I purchased unlimited amazon cloud storage from Amazon. When I try copying files to the odrive / Amazon Cloud Storage through Windows Explorer (win10), I’m told I don’t have enough space. Not sure how I don’t have enough space if my Amazon account is unlimited.

Thoughts? Thanks in advance.

Hi Randy,
This is a Windows system exception. It looks like you are trying to copy files into the odrive folder, which resides on that system, but your local hard drive does not have enough space to hold those files.

you can unsync some stuff to save space your your local hard drive

So the “odrive” icon in explorer is mapping back to my local drive? I thought that was the aggregated cloud storage… Is it possible to map that to anouther drive/directory all together?

Thanks again for the replies. Its much appreciated.

rb

Hi @Randy_Bender,
If you are familiar with Dropbox, OneDrive, Google Drive, or some other popular desktop sync clients, you can equate odrive’s base functionality to those.
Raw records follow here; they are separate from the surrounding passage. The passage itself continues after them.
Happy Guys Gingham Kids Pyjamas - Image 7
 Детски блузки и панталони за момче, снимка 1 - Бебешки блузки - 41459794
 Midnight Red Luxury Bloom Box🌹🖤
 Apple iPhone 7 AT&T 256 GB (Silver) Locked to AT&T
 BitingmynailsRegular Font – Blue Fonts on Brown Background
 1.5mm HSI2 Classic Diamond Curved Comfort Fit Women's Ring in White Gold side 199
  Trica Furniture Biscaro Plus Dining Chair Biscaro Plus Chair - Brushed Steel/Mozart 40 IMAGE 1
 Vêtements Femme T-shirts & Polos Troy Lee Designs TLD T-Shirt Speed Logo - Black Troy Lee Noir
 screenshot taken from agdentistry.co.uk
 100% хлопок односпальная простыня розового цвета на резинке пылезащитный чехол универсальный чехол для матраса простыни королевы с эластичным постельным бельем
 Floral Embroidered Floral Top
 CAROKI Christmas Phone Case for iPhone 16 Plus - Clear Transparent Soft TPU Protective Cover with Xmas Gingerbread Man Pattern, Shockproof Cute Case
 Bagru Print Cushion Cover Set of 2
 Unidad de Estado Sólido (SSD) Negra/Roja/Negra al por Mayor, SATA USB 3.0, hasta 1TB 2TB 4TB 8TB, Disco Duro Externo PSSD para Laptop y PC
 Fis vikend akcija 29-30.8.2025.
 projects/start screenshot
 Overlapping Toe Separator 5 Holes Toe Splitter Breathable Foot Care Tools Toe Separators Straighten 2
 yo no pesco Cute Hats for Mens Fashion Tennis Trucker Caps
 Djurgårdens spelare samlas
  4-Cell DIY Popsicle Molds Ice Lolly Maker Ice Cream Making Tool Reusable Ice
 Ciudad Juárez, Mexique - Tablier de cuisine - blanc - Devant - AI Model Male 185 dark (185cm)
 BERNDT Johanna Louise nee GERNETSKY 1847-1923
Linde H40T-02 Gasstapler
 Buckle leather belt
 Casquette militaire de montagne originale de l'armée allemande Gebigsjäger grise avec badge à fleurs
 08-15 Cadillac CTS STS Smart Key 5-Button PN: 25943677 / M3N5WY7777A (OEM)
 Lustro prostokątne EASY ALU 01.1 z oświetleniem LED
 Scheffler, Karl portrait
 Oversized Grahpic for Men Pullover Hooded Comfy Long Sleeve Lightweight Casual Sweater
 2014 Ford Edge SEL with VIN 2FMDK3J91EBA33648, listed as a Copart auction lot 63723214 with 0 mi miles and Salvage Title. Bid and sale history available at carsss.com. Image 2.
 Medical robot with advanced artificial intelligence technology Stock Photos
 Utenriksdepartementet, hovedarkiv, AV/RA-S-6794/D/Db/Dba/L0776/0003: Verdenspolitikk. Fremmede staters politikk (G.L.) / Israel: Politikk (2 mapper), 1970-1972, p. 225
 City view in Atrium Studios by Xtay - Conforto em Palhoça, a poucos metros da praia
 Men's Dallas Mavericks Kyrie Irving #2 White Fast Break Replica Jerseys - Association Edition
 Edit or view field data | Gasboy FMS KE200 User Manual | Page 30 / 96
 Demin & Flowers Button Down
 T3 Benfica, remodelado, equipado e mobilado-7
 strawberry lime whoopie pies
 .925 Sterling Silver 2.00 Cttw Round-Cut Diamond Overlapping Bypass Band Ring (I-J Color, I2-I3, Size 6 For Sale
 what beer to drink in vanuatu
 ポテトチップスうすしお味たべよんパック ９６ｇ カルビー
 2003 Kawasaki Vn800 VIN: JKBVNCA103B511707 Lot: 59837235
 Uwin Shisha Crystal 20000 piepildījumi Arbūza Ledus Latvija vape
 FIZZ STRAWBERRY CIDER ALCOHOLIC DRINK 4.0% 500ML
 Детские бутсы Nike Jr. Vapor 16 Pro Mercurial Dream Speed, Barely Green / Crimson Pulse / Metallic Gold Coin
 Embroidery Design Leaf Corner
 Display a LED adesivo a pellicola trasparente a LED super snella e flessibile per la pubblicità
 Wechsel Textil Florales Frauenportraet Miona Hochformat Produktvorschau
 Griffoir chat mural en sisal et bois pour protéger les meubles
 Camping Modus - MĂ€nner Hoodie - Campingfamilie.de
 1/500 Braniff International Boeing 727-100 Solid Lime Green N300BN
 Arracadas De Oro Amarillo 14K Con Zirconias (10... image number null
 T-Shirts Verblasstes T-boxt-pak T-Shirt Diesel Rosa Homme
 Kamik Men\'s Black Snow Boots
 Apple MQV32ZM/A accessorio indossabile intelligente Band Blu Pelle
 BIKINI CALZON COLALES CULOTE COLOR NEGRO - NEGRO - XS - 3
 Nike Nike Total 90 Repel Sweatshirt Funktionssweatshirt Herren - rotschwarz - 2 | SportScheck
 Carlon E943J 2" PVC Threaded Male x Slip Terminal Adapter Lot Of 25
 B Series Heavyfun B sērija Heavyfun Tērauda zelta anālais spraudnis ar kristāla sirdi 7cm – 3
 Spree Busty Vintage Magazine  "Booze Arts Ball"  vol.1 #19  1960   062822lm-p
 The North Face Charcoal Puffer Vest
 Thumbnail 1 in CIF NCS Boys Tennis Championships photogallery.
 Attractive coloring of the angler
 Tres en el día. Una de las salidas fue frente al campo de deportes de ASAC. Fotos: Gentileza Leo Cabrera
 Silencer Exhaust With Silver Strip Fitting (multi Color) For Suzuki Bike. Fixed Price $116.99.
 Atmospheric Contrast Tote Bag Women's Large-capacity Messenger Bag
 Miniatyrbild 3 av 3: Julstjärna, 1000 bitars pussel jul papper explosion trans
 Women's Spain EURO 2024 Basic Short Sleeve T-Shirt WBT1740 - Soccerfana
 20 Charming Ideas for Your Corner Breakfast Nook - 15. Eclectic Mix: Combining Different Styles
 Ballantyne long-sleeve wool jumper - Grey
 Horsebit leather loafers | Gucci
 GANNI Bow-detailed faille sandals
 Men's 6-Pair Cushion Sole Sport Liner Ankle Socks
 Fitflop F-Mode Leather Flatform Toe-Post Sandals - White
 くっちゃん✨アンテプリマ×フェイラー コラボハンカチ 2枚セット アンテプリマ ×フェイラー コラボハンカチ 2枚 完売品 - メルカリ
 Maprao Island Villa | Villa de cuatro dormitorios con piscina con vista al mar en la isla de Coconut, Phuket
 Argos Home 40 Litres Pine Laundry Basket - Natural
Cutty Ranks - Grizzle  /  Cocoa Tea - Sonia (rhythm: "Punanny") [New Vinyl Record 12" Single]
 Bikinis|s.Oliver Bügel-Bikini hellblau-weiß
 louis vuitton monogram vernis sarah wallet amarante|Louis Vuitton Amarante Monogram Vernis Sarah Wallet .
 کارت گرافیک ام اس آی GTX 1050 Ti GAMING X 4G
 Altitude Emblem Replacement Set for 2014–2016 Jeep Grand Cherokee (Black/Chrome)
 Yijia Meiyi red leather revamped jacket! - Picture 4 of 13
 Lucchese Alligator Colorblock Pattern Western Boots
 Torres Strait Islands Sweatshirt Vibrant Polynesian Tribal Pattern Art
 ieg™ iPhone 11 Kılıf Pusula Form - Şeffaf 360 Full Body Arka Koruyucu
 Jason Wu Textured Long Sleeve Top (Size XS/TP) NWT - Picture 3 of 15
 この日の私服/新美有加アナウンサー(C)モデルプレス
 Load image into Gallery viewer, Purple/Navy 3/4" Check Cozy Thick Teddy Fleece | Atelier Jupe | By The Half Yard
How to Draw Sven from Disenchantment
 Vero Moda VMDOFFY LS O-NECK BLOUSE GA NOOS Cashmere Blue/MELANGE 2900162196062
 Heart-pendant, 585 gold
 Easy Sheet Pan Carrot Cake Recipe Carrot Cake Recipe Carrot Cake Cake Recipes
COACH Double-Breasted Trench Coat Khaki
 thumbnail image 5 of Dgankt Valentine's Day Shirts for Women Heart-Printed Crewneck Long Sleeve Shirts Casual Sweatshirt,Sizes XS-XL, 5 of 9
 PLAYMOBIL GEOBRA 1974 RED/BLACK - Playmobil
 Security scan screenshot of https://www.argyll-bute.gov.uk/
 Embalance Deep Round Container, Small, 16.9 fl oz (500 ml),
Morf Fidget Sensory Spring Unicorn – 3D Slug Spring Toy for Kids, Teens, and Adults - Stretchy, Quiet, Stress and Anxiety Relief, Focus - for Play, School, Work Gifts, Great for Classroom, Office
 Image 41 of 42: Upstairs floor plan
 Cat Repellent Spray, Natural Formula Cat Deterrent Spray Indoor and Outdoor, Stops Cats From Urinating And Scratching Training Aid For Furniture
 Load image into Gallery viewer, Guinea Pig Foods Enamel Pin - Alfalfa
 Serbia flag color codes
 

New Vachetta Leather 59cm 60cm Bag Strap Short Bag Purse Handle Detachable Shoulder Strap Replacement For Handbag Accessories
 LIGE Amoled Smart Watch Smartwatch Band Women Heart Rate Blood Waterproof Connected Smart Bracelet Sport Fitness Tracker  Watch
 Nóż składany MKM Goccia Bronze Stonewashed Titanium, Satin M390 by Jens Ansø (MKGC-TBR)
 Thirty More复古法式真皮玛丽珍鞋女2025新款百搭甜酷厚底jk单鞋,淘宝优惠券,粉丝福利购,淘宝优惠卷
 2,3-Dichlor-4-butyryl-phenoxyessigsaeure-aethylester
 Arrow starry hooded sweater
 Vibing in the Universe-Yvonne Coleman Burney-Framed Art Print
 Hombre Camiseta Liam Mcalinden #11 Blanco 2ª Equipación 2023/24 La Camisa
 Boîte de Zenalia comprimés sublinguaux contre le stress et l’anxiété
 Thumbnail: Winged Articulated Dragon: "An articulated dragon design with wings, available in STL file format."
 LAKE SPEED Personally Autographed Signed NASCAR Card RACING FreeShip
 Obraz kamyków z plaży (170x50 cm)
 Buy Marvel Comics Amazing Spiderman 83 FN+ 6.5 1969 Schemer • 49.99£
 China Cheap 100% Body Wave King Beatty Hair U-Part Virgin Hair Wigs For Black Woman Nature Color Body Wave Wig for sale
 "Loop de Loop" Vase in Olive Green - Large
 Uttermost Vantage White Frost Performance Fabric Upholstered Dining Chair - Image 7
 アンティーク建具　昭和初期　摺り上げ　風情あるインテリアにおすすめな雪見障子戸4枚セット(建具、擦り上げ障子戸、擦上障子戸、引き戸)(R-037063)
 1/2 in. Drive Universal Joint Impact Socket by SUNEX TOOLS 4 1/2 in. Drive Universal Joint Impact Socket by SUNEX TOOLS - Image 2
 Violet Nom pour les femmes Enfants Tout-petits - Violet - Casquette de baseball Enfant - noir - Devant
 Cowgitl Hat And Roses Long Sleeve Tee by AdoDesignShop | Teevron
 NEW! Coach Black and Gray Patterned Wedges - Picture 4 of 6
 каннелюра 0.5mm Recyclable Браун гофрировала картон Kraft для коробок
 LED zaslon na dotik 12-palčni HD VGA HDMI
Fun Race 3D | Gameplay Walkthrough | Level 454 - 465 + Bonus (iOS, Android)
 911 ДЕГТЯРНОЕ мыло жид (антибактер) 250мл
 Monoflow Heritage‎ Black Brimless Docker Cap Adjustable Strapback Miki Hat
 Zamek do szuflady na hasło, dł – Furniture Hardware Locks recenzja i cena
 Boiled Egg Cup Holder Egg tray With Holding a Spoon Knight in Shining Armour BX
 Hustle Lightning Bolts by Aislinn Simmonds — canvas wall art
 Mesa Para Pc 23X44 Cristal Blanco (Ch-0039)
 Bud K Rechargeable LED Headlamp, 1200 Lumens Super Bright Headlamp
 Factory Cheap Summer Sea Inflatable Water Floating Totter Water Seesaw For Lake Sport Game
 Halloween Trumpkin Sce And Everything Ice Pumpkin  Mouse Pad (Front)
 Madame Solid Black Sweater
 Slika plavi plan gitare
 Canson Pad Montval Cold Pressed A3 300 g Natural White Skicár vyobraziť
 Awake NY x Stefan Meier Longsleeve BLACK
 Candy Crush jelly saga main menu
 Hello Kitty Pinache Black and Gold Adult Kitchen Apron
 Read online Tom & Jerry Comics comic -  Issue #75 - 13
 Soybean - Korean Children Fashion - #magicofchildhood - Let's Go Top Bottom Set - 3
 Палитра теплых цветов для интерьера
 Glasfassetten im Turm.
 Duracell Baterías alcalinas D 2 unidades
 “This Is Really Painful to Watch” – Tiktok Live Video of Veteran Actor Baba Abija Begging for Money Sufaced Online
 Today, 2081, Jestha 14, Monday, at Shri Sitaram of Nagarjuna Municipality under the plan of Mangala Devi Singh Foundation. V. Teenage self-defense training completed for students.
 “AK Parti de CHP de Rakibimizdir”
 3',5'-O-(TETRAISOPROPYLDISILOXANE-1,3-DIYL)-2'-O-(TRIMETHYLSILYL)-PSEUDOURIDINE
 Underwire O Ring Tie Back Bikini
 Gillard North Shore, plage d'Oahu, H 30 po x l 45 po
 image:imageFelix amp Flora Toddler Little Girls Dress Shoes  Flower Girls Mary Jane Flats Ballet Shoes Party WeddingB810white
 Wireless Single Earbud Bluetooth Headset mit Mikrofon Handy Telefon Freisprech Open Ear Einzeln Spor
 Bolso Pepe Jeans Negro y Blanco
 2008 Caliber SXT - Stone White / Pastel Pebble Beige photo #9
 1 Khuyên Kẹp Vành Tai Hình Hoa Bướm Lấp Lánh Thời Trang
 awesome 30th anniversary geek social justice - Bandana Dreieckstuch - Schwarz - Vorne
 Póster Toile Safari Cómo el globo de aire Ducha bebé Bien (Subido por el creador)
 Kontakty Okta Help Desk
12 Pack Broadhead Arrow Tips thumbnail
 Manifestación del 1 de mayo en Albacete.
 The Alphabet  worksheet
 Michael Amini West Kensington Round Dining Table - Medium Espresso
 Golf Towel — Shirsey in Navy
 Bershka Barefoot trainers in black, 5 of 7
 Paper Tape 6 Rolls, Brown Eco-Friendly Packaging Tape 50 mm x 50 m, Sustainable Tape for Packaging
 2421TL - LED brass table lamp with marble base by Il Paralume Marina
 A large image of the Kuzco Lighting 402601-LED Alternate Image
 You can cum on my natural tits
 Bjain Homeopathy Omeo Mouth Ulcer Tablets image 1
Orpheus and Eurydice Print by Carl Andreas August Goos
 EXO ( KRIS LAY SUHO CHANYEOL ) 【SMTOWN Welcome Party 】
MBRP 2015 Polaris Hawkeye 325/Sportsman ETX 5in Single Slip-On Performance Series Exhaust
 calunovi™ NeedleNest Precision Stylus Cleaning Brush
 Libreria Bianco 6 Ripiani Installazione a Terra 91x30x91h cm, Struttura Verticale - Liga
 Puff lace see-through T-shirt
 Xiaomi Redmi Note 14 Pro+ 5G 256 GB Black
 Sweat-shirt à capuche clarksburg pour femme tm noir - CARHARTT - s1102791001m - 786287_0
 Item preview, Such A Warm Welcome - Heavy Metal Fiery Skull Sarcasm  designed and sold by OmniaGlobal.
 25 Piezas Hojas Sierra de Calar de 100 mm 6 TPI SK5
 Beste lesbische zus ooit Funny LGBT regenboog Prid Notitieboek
In its basic state, odrive creates a folder in your user home directory that allows you to link in all of your other storage. Like the other guys, you will need to copy in the data that you want to push to your different storage providers into that folder. In your case it sounds like you are using Amazon Cloud Drive. odrive’s Progressive Sync allows you to sync only what you need and unsync the data you no longer need cached locally. In this way you can manage and work with storage sizes that would normally crush the local system’s drive space.

It is possible to move the odrive folder to another location, if you have a drive that has more space available. This option is in the odrive tray menu.

Additionally, odrive has an advanced sync feature called Pro Sync (https://www.odrive.com/add-ons/pro) that will allow you to create a sync relationship between any local folder and any folder in your storage service. In this way you could point your local Pictures folder to a Pictures folder in Amazon Cloud Drive, for example.